WordPress reviews and complaints
Customer reviews for both WordPress.org and WordPress.com are mixed. Users on WordPress.org say that it’s easy to use if you have a developer background. Many complain about glitches when themes and plugins need to be updated.
WordPress.com customers appear happy with the software and customer support on its paid plans. Most complaints are about the limited features of a free website.

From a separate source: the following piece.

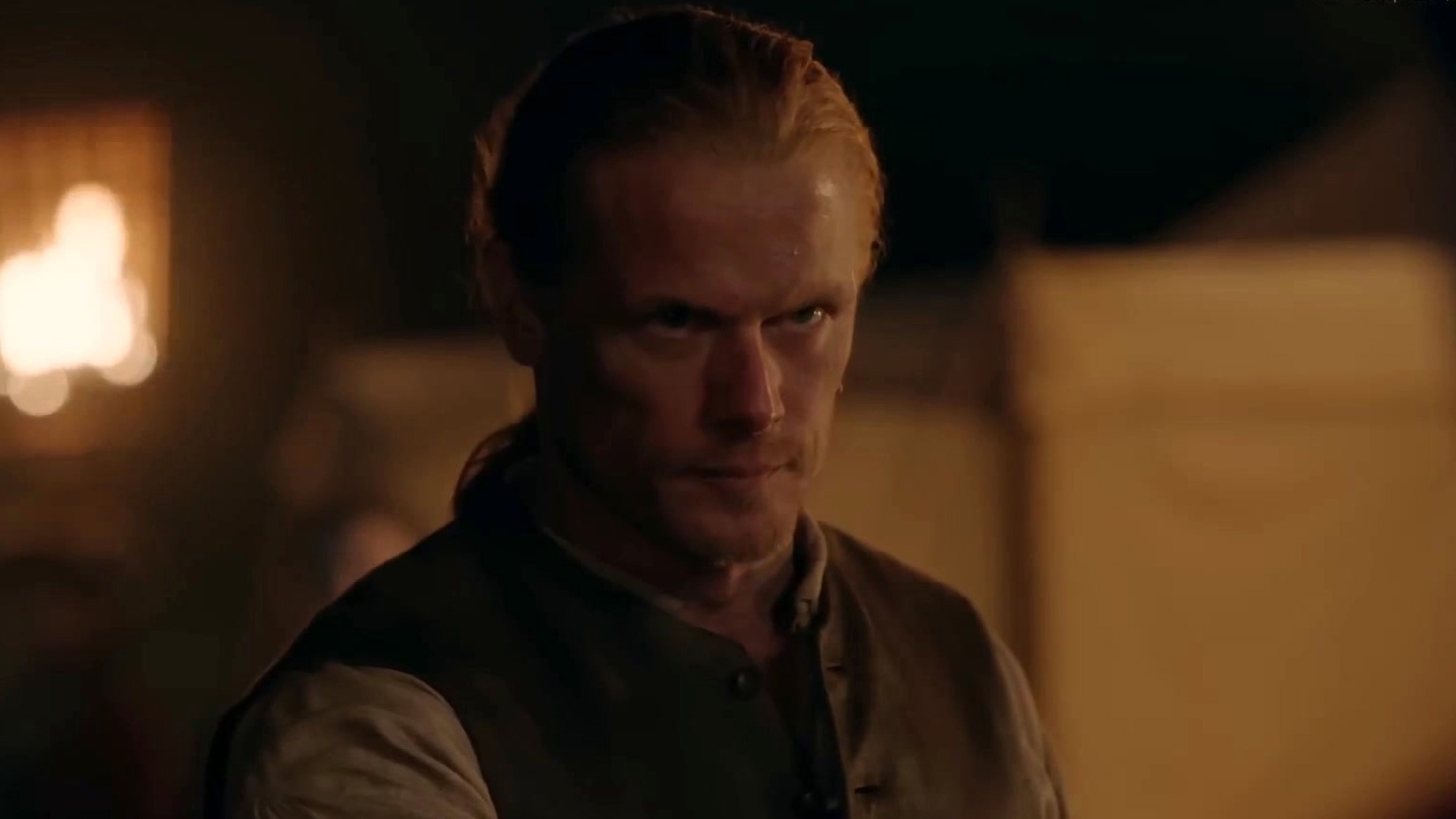 Outlander: Jamie Gives William His Hat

One prospective customer wanted to contact WordPress to make sure that its paid subscription fulfills his business’s needs, but was told that he could only get answers to his questions after he pays. So unless you’re a paying customer, you’ll have to search elsewhere for answers.
How do I sign up with WordPress?
WordPress.org is a free Content Management System (CMS) that doesn’t require signing up. Just install, activate and dive right in.
Follow these steps to sign up with WordPress.com:
- On its homepage, click Get started in the top right corner.
- Create an account with your email address and choose a username.
- Create a URL for your website.
- Click the activation link in your email.
Compare merchant services providers
WordPress is a robust platform for online stores. WordPress.org requires a bit more work that you can either do yourself or hire a developer to get it off the ground.
Once you get your website set up, comb through third-party plugins to build your online store. But if you don’t want the headache and don’t mind the monthly subscription, opt for WordPress.com.
Hybrid businesses looking for a centralized POS system for in-person and online sales can either use a third-party plugin to integrate in-person transactions or you’ll need to choose a different e-commerce platform.
Frequently asked questions
How does WordPress handle security?
For WordPress.org, you’ll need to handle your own security, such as installing a security plugin. WordPress handles the security on WordPress.com, such as a preinstalled SSL certificate on all of its plans.
Can I move my WordPress.com site to WordPress.org?
Yes, it is possible to export your WordPress.com site and import it to WordPress.org.
What’s the difference between a WordPress administrator and editor?
An administrator is the highest role for your website and can create and delete users. Editors are second-in-command and can publish and delete pages on your site.